Même circonspection quand Houellebecq confie qu'il fut surpris quand il découvrit, sur le tard, le racisme obsessionnel de l’écrivain américain, alors que celui-ci est aussi visible que le nez au milieu de la figure. Certes, à première lecture, l’adolescent lambda (mais Houellebecq jeune était-il un adolescent lambda ?) n’est pas obligé de faire le parallèle entre les créatures de Lovecraft et les basanés, les sangs-mêlés et les métèques qui peuplaient les rues de New York, et que l’Américain abhorrait. Il peut aussi ne pas comprendre cette hantise du métissage que trahit une nouvelle comme Le Cauchemar d’Innssmouth. Mais il ne peut que constater que chez l’auteur, le rôle du méchant et de l’adorateur de cultes innommables revient toujours aux non WASP.

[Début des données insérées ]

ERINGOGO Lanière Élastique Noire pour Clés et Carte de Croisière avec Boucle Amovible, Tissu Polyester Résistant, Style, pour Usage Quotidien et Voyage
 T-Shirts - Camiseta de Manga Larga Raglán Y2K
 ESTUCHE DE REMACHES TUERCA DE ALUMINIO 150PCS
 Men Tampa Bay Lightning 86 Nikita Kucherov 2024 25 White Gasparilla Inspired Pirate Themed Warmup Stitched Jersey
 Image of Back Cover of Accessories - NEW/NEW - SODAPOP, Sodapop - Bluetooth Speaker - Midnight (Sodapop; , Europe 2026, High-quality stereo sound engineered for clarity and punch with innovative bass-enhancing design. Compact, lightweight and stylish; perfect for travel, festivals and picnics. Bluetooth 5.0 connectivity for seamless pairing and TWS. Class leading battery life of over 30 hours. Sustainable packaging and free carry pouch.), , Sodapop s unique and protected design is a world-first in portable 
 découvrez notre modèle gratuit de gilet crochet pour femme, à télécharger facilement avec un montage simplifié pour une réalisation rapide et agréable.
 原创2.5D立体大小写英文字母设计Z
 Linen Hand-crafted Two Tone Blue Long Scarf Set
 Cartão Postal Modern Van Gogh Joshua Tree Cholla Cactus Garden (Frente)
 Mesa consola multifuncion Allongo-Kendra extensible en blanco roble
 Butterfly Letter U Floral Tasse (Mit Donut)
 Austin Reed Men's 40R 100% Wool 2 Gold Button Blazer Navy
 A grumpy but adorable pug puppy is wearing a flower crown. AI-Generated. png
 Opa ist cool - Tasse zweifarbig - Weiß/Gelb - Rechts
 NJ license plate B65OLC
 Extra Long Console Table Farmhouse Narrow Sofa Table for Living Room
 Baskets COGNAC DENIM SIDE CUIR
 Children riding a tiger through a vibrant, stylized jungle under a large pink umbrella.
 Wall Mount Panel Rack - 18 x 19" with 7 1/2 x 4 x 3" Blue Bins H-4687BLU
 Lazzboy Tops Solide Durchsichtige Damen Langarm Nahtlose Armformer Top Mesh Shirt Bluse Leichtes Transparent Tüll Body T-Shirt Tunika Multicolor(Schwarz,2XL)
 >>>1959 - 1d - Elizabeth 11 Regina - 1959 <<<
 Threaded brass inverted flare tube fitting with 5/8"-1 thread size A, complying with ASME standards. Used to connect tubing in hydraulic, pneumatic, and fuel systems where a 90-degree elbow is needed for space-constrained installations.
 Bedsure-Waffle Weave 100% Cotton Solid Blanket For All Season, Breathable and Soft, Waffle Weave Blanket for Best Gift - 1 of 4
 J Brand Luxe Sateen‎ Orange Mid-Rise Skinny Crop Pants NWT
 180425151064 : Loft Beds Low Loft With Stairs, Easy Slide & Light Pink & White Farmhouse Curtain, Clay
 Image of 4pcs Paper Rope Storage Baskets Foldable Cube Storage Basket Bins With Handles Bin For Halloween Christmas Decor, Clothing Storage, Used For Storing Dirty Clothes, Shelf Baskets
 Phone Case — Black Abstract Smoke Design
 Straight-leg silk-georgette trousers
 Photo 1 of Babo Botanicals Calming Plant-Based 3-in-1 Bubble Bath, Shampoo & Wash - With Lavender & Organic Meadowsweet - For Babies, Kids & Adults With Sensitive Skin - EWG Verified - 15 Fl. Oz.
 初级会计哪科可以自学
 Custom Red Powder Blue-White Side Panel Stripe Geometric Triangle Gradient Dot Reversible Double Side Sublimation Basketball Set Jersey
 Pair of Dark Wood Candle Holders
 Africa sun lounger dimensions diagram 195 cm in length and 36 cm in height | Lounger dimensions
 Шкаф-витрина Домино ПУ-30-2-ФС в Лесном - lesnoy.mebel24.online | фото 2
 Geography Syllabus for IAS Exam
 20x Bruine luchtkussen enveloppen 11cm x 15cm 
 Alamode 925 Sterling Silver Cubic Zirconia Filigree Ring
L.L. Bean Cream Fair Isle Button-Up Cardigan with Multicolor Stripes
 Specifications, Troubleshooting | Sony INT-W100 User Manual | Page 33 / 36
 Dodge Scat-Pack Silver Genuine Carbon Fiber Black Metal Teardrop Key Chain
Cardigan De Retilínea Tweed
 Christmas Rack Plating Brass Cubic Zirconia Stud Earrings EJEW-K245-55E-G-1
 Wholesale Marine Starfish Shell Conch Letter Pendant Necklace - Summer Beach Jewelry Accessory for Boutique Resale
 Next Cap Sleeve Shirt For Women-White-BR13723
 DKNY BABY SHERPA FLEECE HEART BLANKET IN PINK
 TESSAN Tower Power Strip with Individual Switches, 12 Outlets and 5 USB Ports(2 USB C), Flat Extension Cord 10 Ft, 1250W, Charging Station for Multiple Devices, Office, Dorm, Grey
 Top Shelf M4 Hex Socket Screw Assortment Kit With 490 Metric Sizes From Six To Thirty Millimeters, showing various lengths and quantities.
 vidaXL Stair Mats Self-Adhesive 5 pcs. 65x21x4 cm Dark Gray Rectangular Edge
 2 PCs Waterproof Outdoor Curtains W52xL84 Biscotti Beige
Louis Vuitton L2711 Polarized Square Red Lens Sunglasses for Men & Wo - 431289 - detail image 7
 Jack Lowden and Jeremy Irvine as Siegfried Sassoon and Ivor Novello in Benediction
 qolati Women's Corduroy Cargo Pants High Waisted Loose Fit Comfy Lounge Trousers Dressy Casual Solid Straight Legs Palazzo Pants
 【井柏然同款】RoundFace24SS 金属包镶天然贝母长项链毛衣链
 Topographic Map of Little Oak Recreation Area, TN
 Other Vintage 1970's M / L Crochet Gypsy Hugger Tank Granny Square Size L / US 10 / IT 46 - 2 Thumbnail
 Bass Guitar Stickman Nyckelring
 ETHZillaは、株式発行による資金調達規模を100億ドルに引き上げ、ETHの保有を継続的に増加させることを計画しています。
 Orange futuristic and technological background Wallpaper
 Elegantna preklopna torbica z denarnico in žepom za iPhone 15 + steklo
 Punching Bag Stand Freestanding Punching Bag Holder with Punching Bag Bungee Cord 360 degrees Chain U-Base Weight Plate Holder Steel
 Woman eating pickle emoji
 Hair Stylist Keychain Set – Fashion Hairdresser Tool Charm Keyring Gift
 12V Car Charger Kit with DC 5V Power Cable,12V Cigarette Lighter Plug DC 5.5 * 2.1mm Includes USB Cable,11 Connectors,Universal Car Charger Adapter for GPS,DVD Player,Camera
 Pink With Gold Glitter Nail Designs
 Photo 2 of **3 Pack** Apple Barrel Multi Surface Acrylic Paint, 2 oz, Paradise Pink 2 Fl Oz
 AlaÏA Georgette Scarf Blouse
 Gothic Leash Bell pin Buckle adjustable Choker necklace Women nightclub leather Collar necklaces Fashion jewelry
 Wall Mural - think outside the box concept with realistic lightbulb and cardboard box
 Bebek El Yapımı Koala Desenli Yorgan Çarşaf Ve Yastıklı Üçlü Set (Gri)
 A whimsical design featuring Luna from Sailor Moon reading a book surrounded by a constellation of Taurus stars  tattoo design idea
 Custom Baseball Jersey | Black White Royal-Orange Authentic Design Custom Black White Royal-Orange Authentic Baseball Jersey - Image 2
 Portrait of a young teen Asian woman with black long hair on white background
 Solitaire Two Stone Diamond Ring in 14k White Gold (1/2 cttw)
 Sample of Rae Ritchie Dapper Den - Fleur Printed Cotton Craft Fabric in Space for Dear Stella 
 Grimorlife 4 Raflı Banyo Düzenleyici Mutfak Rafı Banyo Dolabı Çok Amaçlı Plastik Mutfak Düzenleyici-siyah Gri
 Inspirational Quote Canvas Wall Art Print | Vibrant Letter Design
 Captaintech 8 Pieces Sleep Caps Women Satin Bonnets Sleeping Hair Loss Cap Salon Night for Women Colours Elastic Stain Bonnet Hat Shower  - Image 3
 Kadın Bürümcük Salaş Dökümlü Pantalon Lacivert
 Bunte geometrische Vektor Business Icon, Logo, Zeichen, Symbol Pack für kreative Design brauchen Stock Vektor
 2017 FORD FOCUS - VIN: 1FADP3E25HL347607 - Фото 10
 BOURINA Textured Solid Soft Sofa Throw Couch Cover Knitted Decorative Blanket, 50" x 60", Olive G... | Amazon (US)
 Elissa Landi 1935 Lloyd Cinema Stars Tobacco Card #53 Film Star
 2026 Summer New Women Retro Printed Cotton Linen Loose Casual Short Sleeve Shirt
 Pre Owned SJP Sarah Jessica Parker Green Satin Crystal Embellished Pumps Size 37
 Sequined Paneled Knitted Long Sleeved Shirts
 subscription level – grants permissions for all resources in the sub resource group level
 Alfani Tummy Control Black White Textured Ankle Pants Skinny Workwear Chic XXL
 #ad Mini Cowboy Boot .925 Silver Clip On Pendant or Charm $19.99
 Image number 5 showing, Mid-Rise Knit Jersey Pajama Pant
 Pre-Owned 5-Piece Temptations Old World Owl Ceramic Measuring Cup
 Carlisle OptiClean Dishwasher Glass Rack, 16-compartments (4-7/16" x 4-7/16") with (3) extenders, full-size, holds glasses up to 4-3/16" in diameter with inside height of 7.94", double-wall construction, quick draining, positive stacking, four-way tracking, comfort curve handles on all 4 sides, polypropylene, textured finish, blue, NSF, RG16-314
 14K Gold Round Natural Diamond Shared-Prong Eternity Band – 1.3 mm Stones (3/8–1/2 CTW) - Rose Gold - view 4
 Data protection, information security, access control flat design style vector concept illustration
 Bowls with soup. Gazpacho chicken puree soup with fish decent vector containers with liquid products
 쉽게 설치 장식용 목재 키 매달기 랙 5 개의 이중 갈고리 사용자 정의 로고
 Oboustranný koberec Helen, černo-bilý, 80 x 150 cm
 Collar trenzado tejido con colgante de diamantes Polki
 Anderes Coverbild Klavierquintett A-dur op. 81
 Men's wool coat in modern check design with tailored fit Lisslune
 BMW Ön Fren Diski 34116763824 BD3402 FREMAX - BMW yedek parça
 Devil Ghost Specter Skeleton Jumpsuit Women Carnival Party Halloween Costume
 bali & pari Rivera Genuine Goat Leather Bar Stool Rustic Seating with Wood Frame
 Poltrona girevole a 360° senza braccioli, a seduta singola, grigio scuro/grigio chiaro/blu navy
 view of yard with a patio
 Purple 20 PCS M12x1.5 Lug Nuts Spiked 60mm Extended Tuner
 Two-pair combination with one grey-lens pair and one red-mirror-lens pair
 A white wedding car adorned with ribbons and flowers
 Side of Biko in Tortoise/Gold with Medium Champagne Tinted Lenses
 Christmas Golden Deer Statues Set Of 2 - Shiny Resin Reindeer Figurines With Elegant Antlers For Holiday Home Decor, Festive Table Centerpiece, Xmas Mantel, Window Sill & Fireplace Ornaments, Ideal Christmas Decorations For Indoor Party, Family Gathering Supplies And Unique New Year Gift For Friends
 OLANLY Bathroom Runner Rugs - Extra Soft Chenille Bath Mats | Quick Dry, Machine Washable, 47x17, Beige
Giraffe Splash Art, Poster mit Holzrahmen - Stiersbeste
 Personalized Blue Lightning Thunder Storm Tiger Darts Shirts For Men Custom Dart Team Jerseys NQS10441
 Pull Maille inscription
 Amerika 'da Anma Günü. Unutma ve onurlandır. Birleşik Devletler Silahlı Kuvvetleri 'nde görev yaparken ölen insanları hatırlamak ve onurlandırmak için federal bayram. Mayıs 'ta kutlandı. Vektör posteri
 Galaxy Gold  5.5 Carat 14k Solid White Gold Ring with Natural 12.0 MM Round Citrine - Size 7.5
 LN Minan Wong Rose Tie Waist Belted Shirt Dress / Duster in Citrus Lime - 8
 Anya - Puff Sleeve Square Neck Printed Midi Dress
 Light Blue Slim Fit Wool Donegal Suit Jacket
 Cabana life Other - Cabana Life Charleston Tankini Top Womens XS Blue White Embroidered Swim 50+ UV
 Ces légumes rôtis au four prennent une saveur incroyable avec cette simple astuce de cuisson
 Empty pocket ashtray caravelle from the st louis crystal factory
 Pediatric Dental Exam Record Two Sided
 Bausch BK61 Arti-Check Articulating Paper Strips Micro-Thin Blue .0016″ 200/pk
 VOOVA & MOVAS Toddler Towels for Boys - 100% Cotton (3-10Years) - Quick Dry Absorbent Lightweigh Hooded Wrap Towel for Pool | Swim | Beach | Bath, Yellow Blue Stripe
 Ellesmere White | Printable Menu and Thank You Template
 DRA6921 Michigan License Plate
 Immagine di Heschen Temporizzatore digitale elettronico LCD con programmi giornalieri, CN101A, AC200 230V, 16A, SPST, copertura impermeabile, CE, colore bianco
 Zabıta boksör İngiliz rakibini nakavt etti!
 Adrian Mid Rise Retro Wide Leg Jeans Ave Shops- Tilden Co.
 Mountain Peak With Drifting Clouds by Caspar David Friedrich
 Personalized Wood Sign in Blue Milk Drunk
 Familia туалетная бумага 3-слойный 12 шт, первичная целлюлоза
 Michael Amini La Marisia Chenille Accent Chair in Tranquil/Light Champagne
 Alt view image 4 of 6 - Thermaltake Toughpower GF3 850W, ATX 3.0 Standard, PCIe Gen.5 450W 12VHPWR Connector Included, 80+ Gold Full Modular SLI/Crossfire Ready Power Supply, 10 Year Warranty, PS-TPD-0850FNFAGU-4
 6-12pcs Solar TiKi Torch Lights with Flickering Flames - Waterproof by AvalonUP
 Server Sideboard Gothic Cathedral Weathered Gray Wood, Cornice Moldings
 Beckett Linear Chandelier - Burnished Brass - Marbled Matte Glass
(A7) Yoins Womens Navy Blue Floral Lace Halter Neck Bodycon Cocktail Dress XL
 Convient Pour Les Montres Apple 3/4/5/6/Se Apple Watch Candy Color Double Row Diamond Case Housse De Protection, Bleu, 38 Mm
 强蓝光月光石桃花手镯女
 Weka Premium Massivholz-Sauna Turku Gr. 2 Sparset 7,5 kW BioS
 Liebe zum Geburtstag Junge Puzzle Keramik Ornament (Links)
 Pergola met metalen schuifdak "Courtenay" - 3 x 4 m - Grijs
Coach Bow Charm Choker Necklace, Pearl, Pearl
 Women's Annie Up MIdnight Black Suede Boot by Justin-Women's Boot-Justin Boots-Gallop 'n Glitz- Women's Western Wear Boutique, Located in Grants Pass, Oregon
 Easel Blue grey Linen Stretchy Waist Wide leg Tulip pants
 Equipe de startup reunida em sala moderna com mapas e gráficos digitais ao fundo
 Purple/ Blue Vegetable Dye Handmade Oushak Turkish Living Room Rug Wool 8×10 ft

Un peu plus tard, aussi, on peut contester le jugement émis par Houellebecq à l’encontre du seul essai rédigé par Lovecraft, Epouvante et Surnaturel en Littérature. L’écrivain français y précise que ce texte ne laisse rien deviner sur les écrits à venir de l’homme de Providence. Mais c’est précisément tout le contraire. Dans cette histoire de la littérature fantastique, l’Américain ne cesse de distribuer bons et mauvais points aux auteurs qui l’ont précédé, louant tous ceux qui annonçaient son œuvre et snobant systématiquement les autres. Cet essai avait une valeur programmatique. A égalité avec son abondante correspondance, il est le texte qui aide le mieux à décrypter l’auteur.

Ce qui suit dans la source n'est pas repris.